Les circonstances initiales dans lesquelles le lien médecin-malade alcoolique s'établit influencent bien sûr la relation thérapeutique. Le niveau de maturation psychique du patient, la pression de l'entourage, voire de l'intervention du médecin lui-même jouent un grand rôle .

La maturation psychique : une rupture réelle avec l'alcool

Le malade aux prises avec sa consommation d'alcool qu'il ne maîtrise plus prend progressivement conscience que le « prix » qu'il doit payer pour continuer à boire est devenu trop élevé. Les effets positifs de l'alcool ne se résument plus qu'à la diminution des effets négatifs du sevrage et du manque.

La pression extérieure : une rupture imaginaire

L'entourage exprime alors plus clairement ses limites de tolérance face à l'alcoolisation du patient ou à ses conséquences comportementales.

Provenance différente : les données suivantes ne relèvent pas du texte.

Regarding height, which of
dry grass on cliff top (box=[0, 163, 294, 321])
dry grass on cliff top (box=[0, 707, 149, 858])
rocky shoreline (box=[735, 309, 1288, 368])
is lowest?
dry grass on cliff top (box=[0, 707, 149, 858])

La personne alcoolo-dépendante mise en demeure de faire un choix, perçoit le manque à venir dans le cadre de la rupture (avec le conjoint, avec le milieu professionnel) comme plus dangereux que le manque d'alcool.

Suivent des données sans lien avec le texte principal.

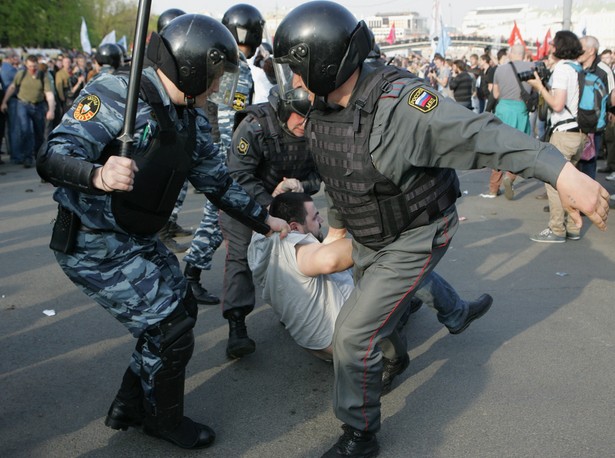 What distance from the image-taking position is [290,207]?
3.84 meters

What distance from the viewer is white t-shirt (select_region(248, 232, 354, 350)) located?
366 cm

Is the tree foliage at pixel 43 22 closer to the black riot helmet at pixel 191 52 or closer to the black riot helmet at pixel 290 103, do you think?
the black riot helmet at pixel 290 103

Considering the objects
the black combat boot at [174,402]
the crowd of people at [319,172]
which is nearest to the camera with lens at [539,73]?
the crowd of people at [319,172]

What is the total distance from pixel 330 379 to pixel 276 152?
139 centimetres

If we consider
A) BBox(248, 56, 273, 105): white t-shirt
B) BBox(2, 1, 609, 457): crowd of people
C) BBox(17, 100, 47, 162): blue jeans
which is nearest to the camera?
BBox(2, 1, 609, 457): crowd of people

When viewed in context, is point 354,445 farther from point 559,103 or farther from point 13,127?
point 13,127

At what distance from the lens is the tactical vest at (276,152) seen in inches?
160

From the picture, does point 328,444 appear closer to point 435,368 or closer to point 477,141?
point 435,368

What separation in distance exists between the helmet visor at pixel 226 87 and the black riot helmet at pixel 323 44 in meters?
0.28

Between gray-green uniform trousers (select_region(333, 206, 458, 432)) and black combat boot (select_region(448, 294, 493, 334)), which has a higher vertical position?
gray-green uniform trousers (select_region(333, 206, 458, 432))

Le fait externe : rupture occasionnelle

Un fait médical quelconque peut être aussi à l'origine de l'arrêt de l'alcool (hépatopathie, amaigrissement ou prise de poids, accident, neuropathie, modification biologique) dès lors que le médecin évoque le lien de causalité entre ces troubles et l'alcoolisation et propose l'abstinence comme expérience diagnostique (pour aider le malade à définir le lien entre ces différents éléments et son alcoolisation et appréhender le diagnostic de dépendance alcoolique) et thérapeutique (pour l'aider à faire disparaître les troubles).

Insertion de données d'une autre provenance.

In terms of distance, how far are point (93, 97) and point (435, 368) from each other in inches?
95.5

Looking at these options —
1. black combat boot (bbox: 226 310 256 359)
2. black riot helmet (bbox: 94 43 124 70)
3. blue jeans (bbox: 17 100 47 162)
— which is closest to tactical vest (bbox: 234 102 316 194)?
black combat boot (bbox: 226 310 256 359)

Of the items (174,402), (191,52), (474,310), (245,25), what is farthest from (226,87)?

De l'alcoolisation à l'abstinence : les étapes d'une séparation

Le fonctionnement psychique des patients qui cessent de s'alcooliser traverse des stades successifs utiles à reconnaître avec le malade lui-même pour donner une lisibilité à son ressenti. Sur le modèle d'un travail de deuil, 5 étapes peuvent ainsi être décrites. Leur connaissance donne au thérapeute la possibilité d'organiser le lien en fonction du stade évolutif dans lequel se situe le patient.

Le déni

Ce stade est en général le plus durable. Il correspond à un mode de défense visant à protéger l'intégrité psychique de l'individu. On le repère aisément par l'énoncé de phrases comme « je bois comme tout le monde » (déni du comportement), « je bois plus qu'avant mais je m'arrête comme je veux » (déni du problème), « je bois trop mais je vais me contrôler » (déni de la solution).

Le cercle vicieux

Le déni se constitue progressivement par la répétition d'un cycle dont les différentes étapes s'enchaînent et s'accélèrent au fur et à mesure de l'évolution de là maladie.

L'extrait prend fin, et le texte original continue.